Mills was only 30 years old when the Cubs hired him for his first managing role the next year. As The New York Times reported, the franchise wanted him to fix their rookie league team in Wytheville, Virginia.

“He was well prepared, and he was a good teacher,” Matt Walbeck, a former minor league catcher who Mills managed, told the Times. “He taught all the fundamentals of the game, and also taught us how to be professionals. A lot of the stuff I learned from him, I’m now teaching to the guys I manage.”

Francona and Mills have been friends since 1978, when they were at the University of Arizona together. Francona called Mills in 1992, when Francona got his first managing job in the minors. He told the Times that he always thought Mills would be the one managing and he’d just be on his staff, not the other way around.


4. Mills’ Son Beau Bradley Mills Was Drafted by the Red Sox in 2004

GettyBrad Mills in 2005.

In 2004, the same year Mills joined Francona and the Red Sox, his son, Beau Bradley Mills, was drafted by the team in 2004. Mills decided to go to college though, and was later drafted by the Indians in 2007.

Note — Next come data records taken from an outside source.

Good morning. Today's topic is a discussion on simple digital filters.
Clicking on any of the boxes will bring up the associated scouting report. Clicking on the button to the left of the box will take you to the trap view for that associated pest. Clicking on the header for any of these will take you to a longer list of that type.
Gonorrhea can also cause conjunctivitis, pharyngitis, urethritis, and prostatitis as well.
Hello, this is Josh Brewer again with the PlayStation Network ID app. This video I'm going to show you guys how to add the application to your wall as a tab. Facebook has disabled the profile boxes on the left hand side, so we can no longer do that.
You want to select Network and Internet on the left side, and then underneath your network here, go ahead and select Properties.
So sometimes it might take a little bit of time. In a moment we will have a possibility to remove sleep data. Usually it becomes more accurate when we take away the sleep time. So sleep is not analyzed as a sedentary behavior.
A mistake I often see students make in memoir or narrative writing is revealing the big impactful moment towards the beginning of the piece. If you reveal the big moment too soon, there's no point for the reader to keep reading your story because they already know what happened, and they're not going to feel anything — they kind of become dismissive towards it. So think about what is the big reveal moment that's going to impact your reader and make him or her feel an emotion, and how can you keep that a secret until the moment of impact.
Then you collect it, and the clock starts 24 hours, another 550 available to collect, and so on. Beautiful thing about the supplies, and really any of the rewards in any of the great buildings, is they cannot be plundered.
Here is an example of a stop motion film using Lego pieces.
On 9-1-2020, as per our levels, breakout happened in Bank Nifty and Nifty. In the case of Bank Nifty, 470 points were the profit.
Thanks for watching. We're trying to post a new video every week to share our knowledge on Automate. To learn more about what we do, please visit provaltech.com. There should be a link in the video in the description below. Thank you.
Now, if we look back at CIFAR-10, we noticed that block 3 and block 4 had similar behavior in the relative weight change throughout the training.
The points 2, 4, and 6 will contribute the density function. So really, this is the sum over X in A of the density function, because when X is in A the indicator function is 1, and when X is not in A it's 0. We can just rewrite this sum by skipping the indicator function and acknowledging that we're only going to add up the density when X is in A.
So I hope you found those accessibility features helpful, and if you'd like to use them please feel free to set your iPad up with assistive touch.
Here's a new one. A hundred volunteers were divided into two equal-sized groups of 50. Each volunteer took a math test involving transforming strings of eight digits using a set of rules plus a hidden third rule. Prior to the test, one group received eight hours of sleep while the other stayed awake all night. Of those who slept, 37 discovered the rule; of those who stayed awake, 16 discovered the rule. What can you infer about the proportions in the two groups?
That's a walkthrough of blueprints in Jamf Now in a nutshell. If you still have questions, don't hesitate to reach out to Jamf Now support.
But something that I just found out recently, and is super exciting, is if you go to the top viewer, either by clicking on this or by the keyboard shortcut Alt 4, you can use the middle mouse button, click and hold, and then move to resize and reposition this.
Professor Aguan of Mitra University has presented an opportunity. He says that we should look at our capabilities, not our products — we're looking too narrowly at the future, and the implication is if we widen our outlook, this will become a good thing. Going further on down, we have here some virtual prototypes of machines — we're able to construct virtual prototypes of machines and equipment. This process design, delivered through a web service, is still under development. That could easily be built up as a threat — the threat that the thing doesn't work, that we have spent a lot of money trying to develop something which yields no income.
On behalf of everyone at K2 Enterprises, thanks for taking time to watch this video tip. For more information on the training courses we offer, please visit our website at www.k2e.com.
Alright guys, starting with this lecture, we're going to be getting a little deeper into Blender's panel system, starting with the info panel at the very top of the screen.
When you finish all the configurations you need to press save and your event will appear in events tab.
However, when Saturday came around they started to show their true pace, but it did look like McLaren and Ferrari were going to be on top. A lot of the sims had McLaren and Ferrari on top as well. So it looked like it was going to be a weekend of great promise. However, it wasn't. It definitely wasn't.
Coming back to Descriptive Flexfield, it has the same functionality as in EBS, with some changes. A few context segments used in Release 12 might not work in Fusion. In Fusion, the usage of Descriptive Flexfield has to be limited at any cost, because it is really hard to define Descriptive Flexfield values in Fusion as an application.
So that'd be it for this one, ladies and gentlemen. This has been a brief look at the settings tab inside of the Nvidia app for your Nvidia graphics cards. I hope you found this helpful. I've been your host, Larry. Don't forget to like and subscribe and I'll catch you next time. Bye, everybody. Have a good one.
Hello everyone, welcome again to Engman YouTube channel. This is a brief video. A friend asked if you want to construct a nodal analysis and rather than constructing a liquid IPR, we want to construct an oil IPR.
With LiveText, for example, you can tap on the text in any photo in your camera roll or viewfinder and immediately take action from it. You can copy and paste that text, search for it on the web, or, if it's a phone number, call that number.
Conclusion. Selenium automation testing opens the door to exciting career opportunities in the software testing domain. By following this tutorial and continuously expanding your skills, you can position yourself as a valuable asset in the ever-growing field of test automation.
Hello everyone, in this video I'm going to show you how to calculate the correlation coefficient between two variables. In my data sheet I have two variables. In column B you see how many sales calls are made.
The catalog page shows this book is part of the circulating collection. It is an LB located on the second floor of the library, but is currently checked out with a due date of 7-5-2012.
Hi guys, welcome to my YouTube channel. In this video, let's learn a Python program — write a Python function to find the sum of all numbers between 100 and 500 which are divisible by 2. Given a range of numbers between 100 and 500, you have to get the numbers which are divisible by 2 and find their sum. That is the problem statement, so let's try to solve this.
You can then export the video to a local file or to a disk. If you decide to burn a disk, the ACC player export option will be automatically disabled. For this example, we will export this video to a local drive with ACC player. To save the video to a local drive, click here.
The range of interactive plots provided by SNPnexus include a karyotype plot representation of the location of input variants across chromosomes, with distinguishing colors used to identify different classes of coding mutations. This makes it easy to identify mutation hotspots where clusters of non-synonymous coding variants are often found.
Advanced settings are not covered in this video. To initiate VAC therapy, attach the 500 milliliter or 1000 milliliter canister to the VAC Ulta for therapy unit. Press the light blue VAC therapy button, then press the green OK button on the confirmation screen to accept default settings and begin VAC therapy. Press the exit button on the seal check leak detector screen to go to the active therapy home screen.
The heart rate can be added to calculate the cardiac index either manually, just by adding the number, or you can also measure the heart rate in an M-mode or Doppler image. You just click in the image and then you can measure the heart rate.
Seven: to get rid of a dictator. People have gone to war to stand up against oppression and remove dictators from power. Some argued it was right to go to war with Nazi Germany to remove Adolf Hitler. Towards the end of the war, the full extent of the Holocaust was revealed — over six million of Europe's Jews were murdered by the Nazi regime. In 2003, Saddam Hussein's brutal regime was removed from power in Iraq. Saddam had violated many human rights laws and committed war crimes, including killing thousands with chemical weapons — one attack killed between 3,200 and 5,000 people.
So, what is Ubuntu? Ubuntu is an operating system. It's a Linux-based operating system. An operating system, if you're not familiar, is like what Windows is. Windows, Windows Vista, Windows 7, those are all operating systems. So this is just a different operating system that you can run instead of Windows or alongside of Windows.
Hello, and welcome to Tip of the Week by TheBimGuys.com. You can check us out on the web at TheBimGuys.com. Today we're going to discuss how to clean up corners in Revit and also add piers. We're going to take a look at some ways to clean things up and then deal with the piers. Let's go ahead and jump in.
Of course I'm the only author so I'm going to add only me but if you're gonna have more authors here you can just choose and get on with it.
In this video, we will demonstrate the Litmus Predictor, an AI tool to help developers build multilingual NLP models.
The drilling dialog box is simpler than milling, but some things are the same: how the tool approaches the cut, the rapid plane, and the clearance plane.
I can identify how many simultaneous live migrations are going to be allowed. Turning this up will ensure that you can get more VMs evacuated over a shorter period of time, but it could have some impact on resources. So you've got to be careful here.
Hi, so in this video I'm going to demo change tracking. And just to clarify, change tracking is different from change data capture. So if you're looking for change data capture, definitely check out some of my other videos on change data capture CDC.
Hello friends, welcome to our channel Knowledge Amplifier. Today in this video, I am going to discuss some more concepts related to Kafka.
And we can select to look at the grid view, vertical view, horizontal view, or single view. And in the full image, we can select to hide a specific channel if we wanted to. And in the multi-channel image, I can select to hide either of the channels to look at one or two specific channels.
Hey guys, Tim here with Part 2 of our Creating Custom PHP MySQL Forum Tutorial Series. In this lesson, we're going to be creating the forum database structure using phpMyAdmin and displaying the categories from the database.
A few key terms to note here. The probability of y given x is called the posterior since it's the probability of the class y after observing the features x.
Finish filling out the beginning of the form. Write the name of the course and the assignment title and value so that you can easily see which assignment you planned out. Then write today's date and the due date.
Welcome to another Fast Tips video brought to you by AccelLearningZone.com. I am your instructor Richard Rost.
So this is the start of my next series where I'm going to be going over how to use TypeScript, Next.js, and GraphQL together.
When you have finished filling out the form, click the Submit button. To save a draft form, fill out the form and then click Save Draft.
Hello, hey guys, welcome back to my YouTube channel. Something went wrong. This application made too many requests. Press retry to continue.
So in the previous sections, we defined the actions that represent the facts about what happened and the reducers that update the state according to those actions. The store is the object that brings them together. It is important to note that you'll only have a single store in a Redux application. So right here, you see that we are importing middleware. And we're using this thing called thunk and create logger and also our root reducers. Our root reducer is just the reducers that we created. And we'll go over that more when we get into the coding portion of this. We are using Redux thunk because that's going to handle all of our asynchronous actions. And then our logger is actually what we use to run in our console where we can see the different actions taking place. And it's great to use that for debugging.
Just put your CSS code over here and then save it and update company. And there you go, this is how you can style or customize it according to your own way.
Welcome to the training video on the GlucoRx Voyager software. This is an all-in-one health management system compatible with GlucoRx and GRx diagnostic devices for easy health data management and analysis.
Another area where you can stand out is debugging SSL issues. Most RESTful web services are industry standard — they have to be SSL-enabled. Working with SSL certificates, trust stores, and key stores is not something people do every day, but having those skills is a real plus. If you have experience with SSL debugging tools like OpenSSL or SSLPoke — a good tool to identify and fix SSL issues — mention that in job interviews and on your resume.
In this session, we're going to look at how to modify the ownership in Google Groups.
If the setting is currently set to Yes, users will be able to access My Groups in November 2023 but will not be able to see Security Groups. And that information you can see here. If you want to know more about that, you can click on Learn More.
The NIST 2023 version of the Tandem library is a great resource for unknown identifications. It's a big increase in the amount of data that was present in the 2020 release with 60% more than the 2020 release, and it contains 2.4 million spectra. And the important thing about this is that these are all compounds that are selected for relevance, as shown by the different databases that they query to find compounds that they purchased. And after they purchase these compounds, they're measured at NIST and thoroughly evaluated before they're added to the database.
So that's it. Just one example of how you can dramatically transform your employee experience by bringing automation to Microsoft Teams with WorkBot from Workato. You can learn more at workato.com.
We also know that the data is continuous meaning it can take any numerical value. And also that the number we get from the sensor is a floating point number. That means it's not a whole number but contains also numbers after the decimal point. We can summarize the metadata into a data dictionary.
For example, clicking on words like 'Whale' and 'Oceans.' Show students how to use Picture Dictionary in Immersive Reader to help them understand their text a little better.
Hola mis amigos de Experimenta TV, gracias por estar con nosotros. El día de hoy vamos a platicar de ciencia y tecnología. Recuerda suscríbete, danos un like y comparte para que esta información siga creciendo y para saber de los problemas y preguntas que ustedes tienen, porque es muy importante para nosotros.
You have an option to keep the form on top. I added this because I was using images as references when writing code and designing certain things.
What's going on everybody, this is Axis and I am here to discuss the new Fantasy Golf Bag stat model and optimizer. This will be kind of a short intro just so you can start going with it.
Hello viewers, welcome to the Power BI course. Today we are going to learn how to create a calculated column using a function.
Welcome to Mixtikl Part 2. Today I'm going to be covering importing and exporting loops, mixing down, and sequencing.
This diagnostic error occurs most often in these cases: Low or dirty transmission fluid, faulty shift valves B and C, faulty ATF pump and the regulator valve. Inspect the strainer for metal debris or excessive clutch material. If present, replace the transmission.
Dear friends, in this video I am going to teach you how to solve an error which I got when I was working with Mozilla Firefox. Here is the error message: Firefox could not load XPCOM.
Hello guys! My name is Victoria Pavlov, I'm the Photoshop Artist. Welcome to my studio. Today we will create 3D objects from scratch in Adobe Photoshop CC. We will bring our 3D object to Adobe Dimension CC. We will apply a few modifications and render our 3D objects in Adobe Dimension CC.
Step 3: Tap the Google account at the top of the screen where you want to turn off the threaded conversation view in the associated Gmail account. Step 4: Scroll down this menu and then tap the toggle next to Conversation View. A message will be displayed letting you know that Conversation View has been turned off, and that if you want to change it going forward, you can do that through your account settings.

Beau’s baseball career didn’t work out. In June 2012, he was traded to the Reds for cash. He never played in the big leagues.

Cleveland.com reported that Beau retired from baseball and is now raising bucking bulls in Orange, Texas.

“We’ve been raising bucking bulls for the last three or four years,” Mills told Cleveland.com. “Beau is doing that full time now. We’re going to take some of the [Indians] out there Saturday.”

Mills said that his son told him that he wanted to raise bulls. He approved of the idea, as long as he put his full heart into it. “He’s doing a good job at it,” Mills told Cleveland.com.


5. Mills Is Married to Ronda & Has 2 Other Children

GettyBrad Mills in 1999.

According to Mills’ Indians bio, he is married to Ronda Mills. During a 2010 Astros event, Ronda said her husband is the “family list-maker” and he “likes to stick to the list.”

Ronda said at the event that she and Mills met when they were kids. Even their parents were friends. They’ve been married for almost 40 years.

The couple have three children, son Beau and daughters Rochelle Cathleen and Taylor Candice. They also have five grandchildren.